If you want to know what the yogurt looks like when it's ready, scroll up two photos.  It looks exactly the same as when you pour it into the thermos--but it's yogurt now!  If you want to know what it tastes like, make a batch!  It's that easy, and trust me, it tastes great!

My "blue" batch didn't set up as well as the "red."  (It's not the thermos because the blue one is the one I usually use; it was the culture.)  I don't recommend using Greek yogurt as a culture.  You can use your own yogurt as the culture for your next batch, although not indefinitely.  The New England Cheesemaking website recommends using an "official" culture for more consistent results, and you can see several that they sell on the link I gave you.  I used to use the Bulgarian culture in Africa, and we really liked it.  I plan to try their other ones, too, and see which is our favorite.  But if you don't want to wait for an order to arrive in the mail, just grab some organic yogurt at your local store and get going.  You'll be glad you did!


  1. Miam!
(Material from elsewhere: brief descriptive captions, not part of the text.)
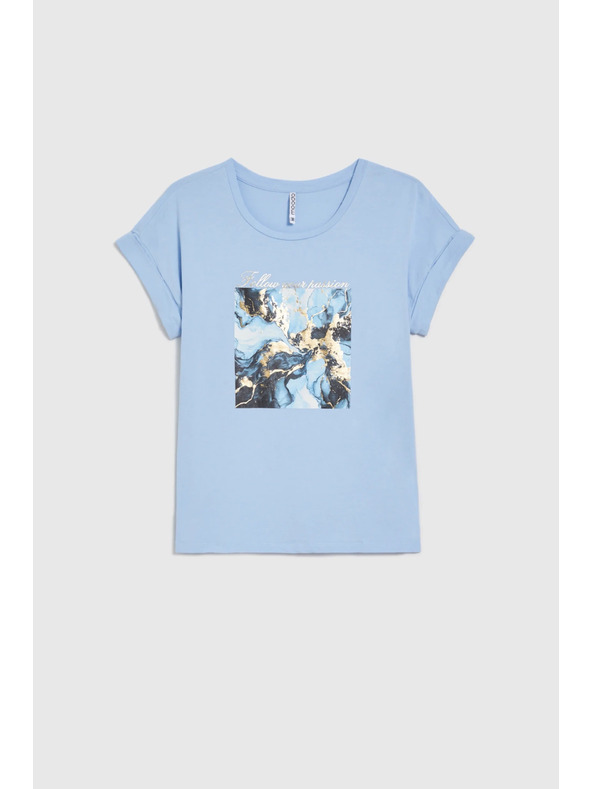 Moodo Tričko s potiskem světle modré Moodo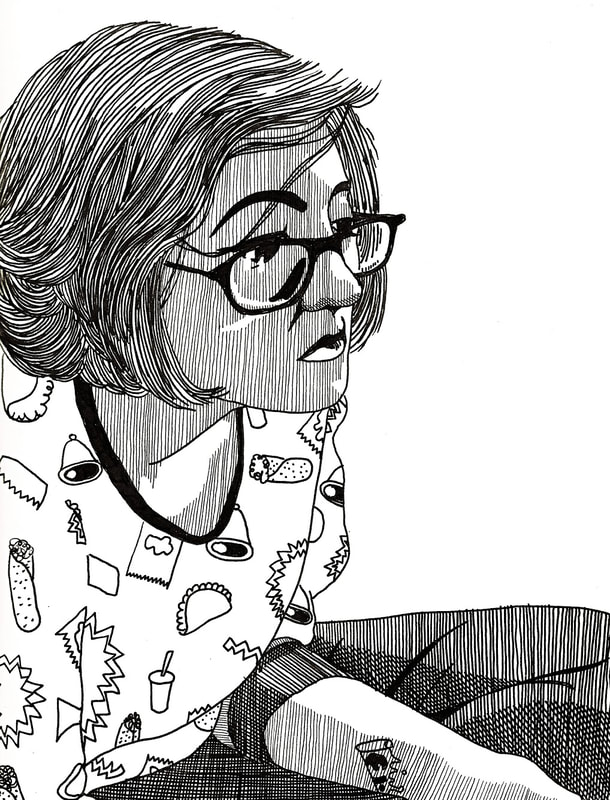Woman with shoulder length hair, glasses, and shirt with food pattern sitting in a cross legged position.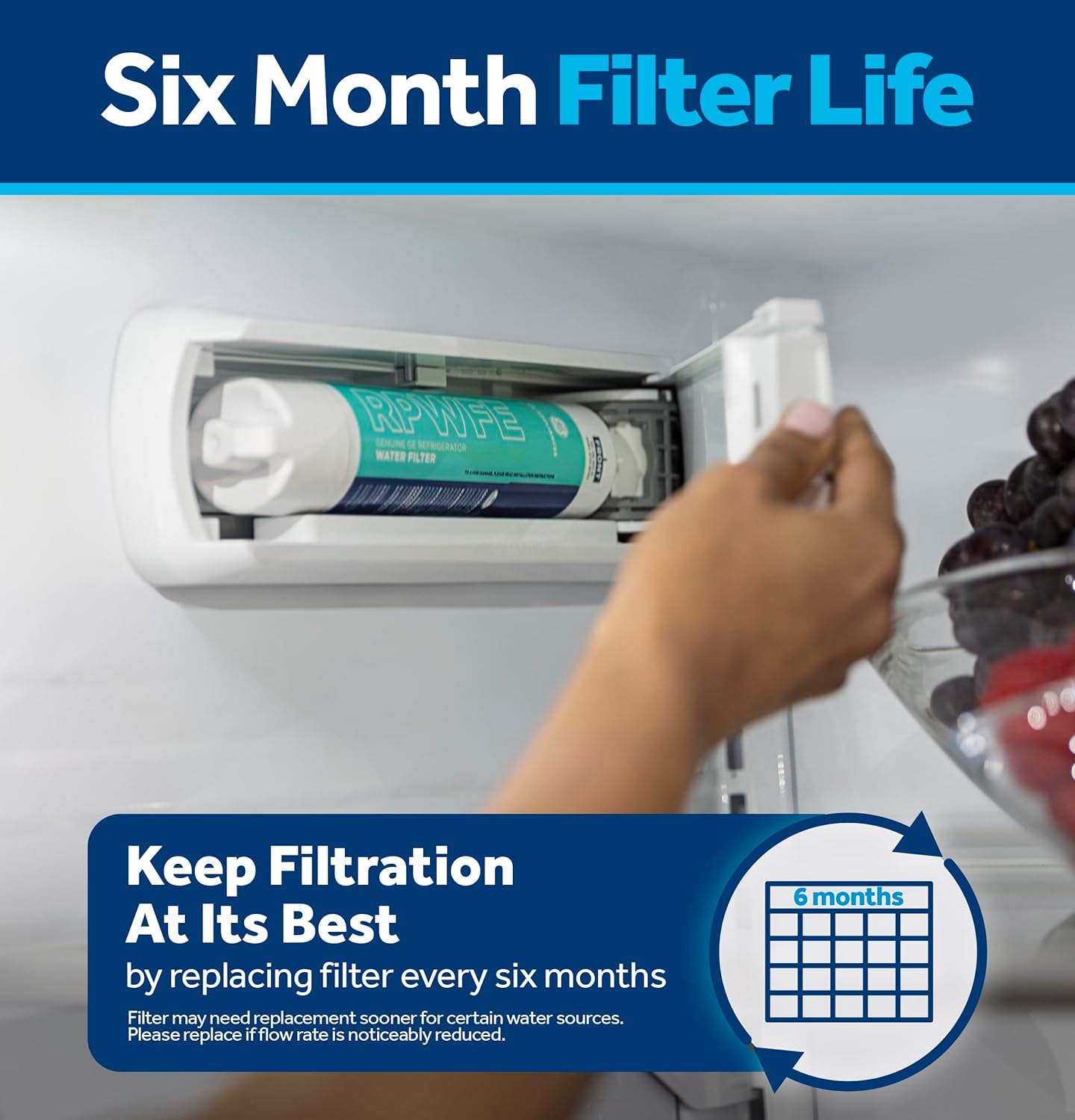 GE RPWFE Refrigerator Water Filter, Genuine Replacement Filter, Certified to Reduce Lead, Sulfur, and 50+ Other Impurities, Replace Every 6 Months for Best Results, Pack of 2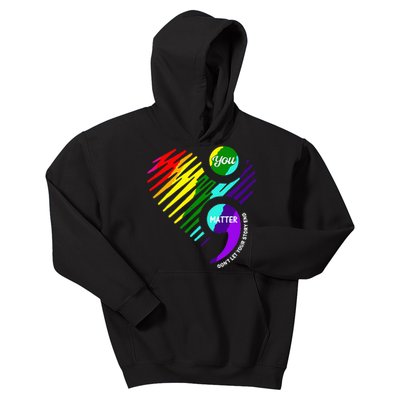 Semicolon Mental Health Awareness Kids Hoodie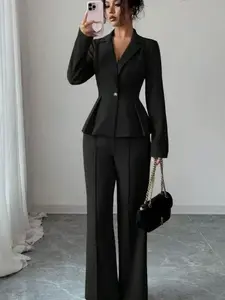 Women's two-piece black lapel multi-button waist-cinching ruffled hem blazer and high-waisted leg-lengthening suit pants set, fashionable and versatisuitable for all seasons, daily wear, events, and other occasions.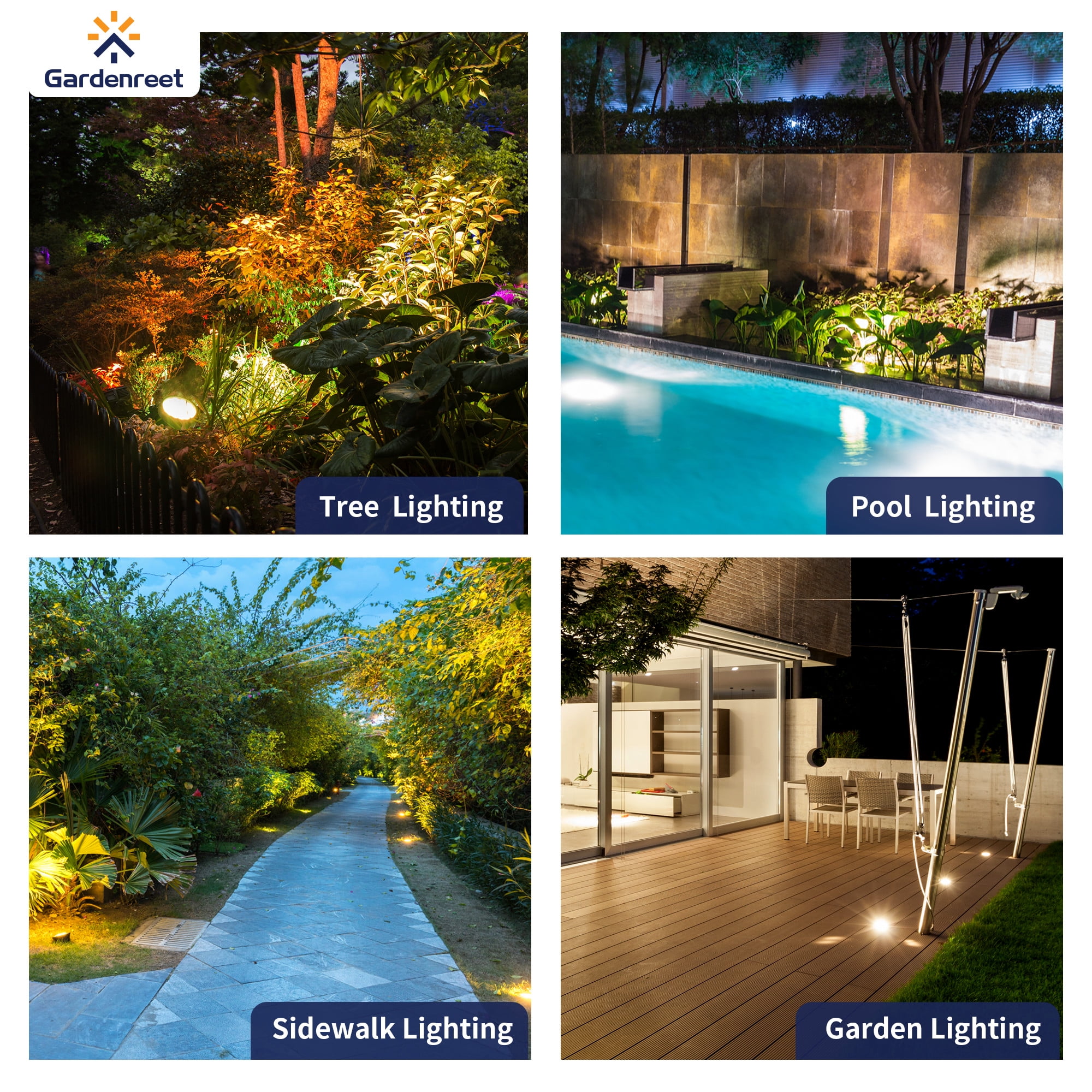 Gardenreet Brass 12V Well Light, Waterproof LED Low Voltage Outdoor In Ground Lights for Tree, Garden, Pathway, Yard Without PAR36 Bulb(Bevel Top) 4 Pack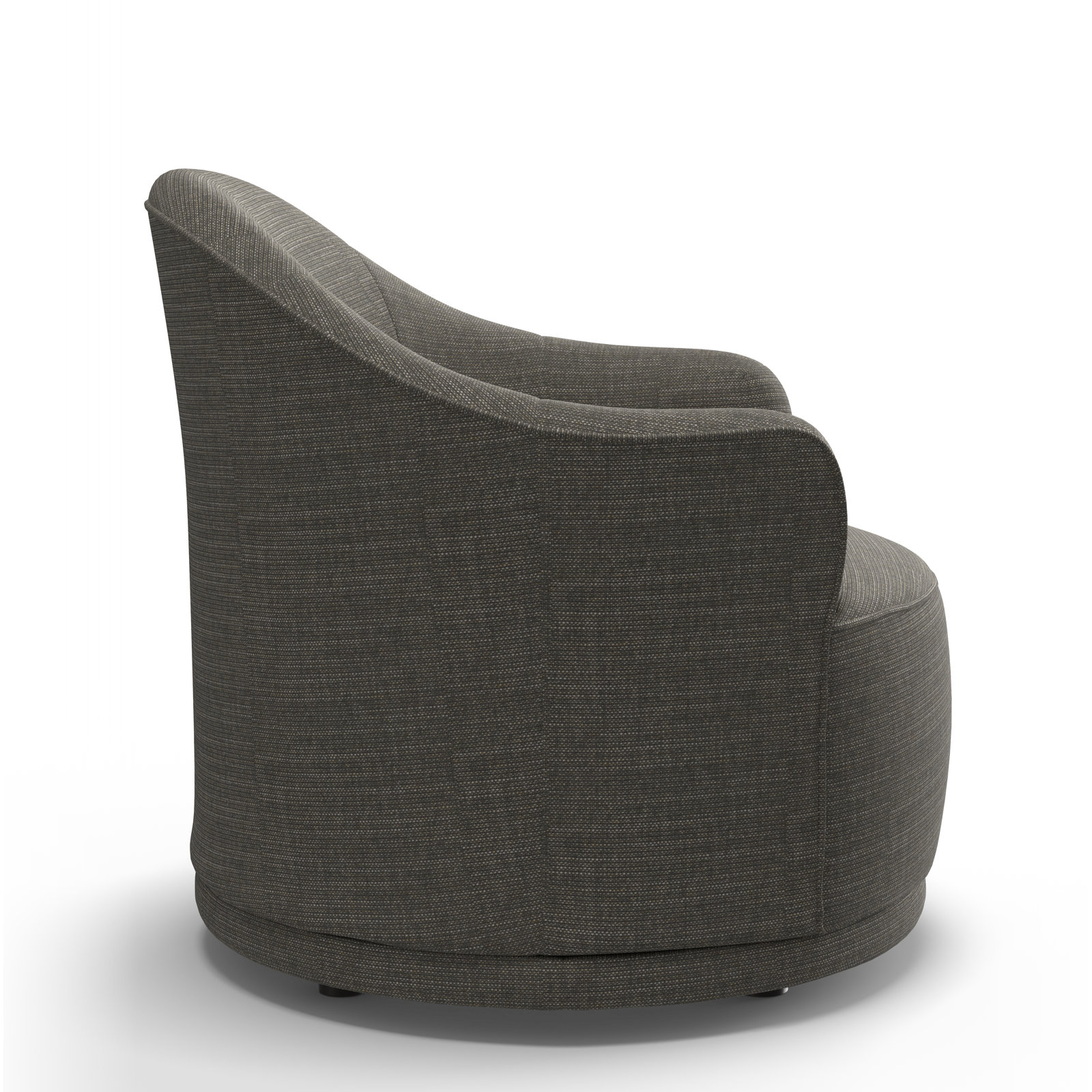 Upholstered Swivel Barrel Chair, Slate Linen Blend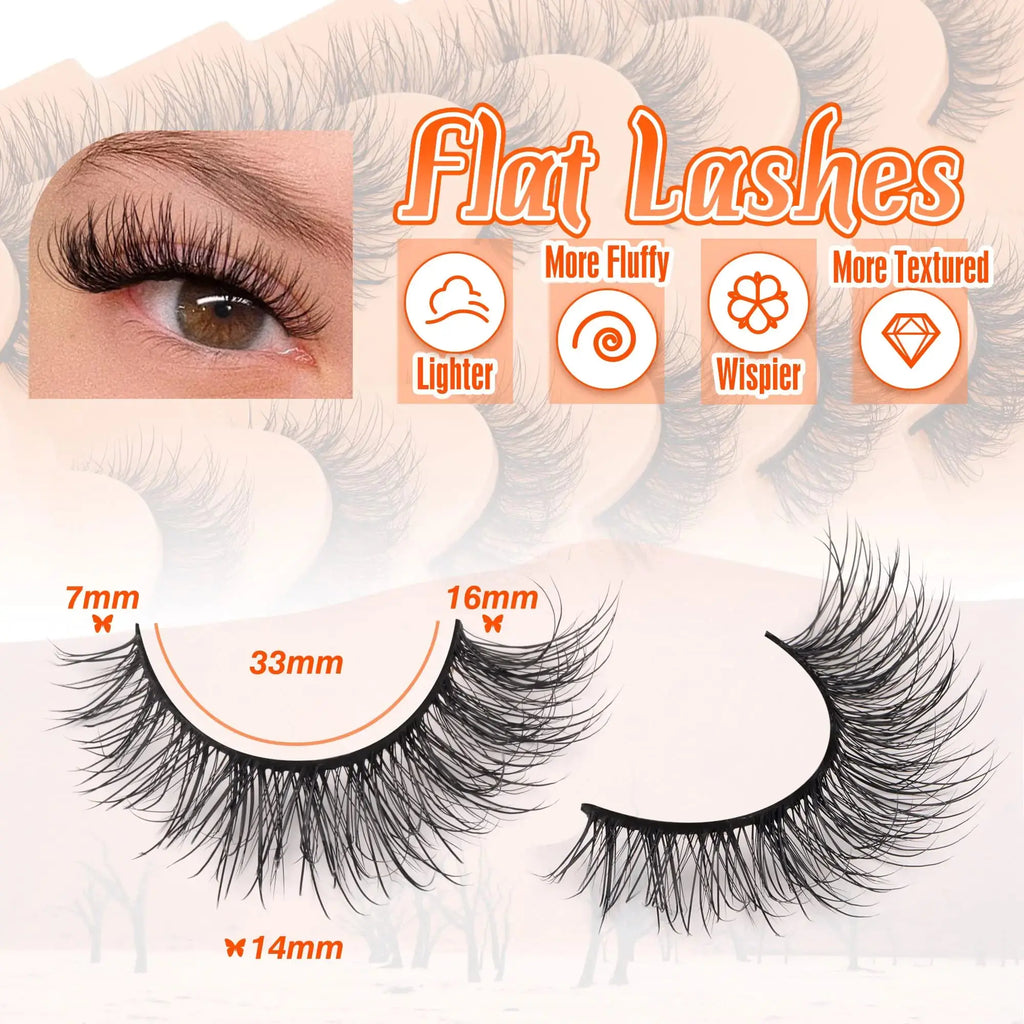 ALPHONSE 16MM Natural Wispy Flat Eyelashes – Fluffy Cat Eye Look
That was so tasty ! I really need to try this at home!

    1. Glad you enjoyed it! Next time you come we can make it together, and you'll see how easy it is.

  2. I will have to show this to my wife, she loves yogurt. I don't touch the stuff. Good post Susan

    1. It is an acquired taste, Gordon! I find flavored American yogurt inedible after living in France for 11 years. I usually just eat it plain with some fresh berries or bananas cut up in it, no sugar.